If you do not think Facebook Graph Search is a big deal, you have not been paying attention to the way data, particularly social data, is changing the world. And if you believe Facebook's move is a threat to Google, you may have no idea how true that is, not in terms of today's search advertising market but Google's strategy for the future.

Facebook's big play here is not merely that it may have a search engine that competes with Google's. Yes, this innovation could shake up the search market and allow Facebook to make a bigger dent in Google's revenue in the online and mobile ad space. That may be good news for Facebook investors who, even if Facebook announces great Q4 results in two weeks, will still be holding Facebook stock at a price-earnings ratio that is somewhere between five and fifteen times higher than mature companies such as Google, Apple and eBay.

Instead of thinking about search in the way we do it today--reactive, slow, relatively difficult and often frustrating--flip search on its head. Think of your device knowing you well enough to furnish you with the information you would want when you want it without asking. This is a vision of "serendipitous search" that Google has been hinting at for years.

Now add the Facebook social layer--all the data it knows about you, your friends and strangers. Today, you may pull out your phone and spend five minutes with a Yelp app to find a clothes store; tomorrow your device could proactively let you know you are walking past one of your friends' favorite boutiques. And who do you trust more--strangers who may be compensated for posting trash reviews or your close friends?

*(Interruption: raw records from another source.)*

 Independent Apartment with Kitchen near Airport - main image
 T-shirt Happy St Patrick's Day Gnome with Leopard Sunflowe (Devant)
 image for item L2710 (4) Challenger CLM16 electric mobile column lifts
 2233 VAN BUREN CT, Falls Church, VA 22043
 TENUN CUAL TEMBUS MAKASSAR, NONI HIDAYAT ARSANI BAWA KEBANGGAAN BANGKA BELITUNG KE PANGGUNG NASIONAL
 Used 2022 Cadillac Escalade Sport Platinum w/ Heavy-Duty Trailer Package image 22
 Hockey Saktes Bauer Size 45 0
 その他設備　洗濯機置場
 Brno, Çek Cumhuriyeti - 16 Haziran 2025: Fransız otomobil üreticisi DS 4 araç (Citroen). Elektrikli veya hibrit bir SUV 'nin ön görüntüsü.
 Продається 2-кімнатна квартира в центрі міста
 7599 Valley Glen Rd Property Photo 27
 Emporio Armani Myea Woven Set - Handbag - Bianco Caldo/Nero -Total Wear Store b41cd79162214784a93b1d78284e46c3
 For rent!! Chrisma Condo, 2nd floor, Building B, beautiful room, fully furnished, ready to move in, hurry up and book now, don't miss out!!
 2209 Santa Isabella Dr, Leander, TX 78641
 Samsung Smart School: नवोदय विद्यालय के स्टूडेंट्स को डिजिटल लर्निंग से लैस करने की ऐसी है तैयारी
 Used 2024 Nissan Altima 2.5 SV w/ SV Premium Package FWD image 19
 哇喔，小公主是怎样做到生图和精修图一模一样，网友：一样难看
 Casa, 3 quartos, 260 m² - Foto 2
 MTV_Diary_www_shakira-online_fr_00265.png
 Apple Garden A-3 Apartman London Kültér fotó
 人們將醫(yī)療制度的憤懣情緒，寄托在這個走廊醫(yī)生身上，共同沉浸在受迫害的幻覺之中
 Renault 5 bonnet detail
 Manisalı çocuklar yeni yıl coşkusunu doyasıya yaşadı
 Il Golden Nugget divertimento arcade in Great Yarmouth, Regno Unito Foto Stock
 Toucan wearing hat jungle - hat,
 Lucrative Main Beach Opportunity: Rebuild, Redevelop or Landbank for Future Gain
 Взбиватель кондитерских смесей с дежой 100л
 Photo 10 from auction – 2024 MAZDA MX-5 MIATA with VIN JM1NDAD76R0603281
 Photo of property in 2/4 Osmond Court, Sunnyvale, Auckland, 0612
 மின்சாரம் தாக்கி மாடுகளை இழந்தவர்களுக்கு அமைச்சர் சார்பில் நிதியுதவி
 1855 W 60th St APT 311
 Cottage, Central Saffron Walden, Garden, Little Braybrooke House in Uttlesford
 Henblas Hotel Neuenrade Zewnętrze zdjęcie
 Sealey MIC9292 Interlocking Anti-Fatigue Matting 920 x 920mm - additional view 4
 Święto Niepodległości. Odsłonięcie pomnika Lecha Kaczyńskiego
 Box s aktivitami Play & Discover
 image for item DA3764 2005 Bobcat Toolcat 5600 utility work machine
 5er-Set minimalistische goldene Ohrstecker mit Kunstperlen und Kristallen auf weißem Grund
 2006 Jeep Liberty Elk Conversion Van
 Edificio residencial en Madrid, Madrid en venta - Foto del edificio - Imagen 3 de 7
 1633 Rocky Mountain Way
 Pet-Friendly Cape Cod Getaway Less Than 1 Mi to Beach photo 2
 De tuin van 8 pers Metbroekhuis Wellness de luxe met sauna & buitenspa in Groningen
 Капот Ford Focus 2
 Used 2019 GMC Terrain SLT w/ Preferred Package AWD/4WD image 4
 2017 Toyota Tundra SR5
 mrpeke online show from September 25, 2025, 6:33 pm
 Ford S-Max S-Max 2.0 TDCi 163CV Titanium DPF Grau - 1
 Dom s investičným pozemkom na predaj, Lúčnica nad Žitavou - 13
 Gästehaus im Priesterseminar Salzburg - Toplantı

Facebook Graph Search as a reactive feature is interesting but turned into a proactive feature, it can change our world. Imagine walking into a bar and knowing a friend is next door. Or entering a salon and finding out your friend loves a particular stylist. Or visiting a Greek restaurant and discovering your Greek friends love a different place around the corner. Or going to a car dealership and being told your friends were left feeling ripped off at this establishment but loved their experience at the dealership up the street. Want to extend your circle of friends? Change a setting and your device can alert you that a friend of a friend is nearby. Playing a tough golf course? One of your friends shared a tip for beating the ninth hole and posted his video birdying the hole! Listening to a song? A bunch of your friends who loved this tune also recommend a band that is new to you! Having a problem with PowerPoint? Searching for the answer is so last year when your device can recognize you are having a problem and inform you not only that your coworker is a PowerPoint guru but that she is online and available now through Facebook chat!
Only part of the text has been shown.